法案を提出した共和党のジェイク・ホフマン議員は、アリゾナ・デイリー・インディペンデント紙の取材に対して「市民権を持たない人がアメリカの選挙で投票することは決して許されるべきではない。しかし、2020年の総選挙では、衝撃的な1万2000人近くが米国籍であることを証明することなく投票した。何年もの間、私たちは民主党が外国人の選挙への影響について荒唐無稽な陰謀論を唱えるのを聞いてきたが、それを防ぐチャンスがあった今日、民主党は全員、市民権を持たない人達が選挙に影響を与えることを防ぐ法案に、反対票を投じた。共和党は議会で、HB2492のような法案によってアリゾナ州の選挙の健全性を守るために必死に戦っている。」と語った。

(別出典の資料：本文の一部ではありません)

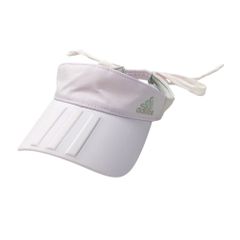 Item thumbnail for item 9dfbdb62-93cf-495a-9395-7268b4a5bac5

一方、民主党は、この措置は激戦州での投票を抑制するための努力の一環であると述べている。また、昨年成立したテキサス州の同様の法律により、何百通もの郵便投票の申請が拒否されるようになったと指摘している。ミッツィ・エプスタイン民主党議員は、拒否率が10パーセントから35パーセントに跳ね上がったと述べている。
一方、米アリゾナ州のニュースサイト『アリゾナ・フリー・ニュース』は、アリゾナ州下院議会は、不法移民の投票を阻止する法案HB2492を、党派を超えて31対26で可決したと伝えている。この法案は連邦レベルの有権者登録に大きな影響を与えるという。連邦法には市民権の証明書の提出が要求されていないためだ。

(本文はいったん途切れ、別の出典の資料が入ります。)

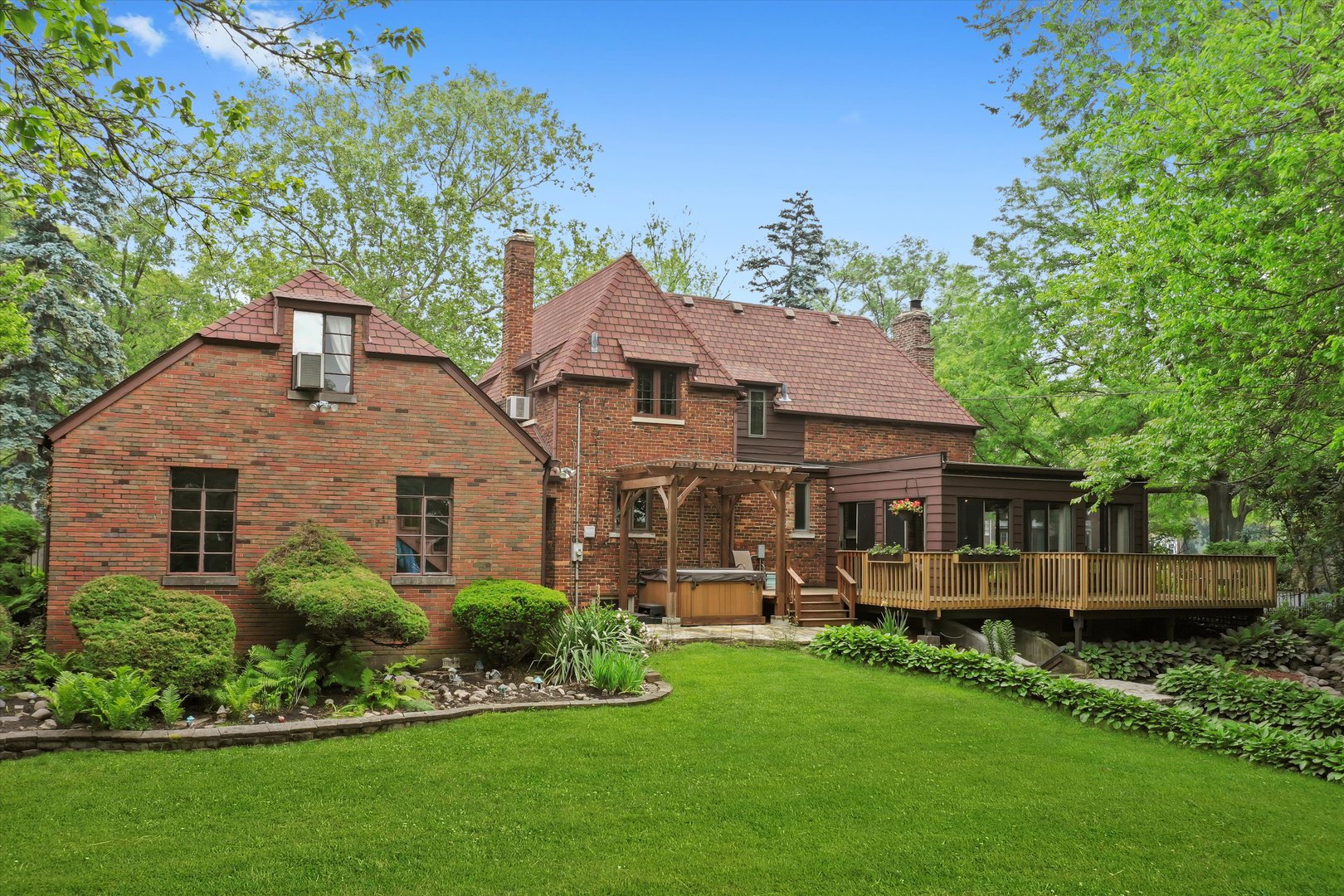 236 Country Club Road Chicago Heights, IL 60411 - Photo 22 of 28 Gallery Image 22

この法案では、郡の選挙管理局は、申請者が市民であるかどうかを判別するために、地元、連邦、州のデータベースに頼ることが義務づけられる。これを拒否した場合、当局は第6級の重罪に問われることになる。申請者が不法滞在者であることが判明した場合、当局は申請者に却下を通知し、さらなる調査のために郡検察官と司法長官の双方に照会しなければならない。しかし、市民権の証明がない場合は、申請者に却下を通知し、市民権を証明してもらう期間を設ける。居住地証明は、有効期限内の運転免許証などが認められる。
アリゾナ州では、2018年に行われた選挙では、1700人の有権者が市民権証明書を提出しなかった。一方、2020年の選挙では、1万1千人以上が市民権を証明せずに投票を行った。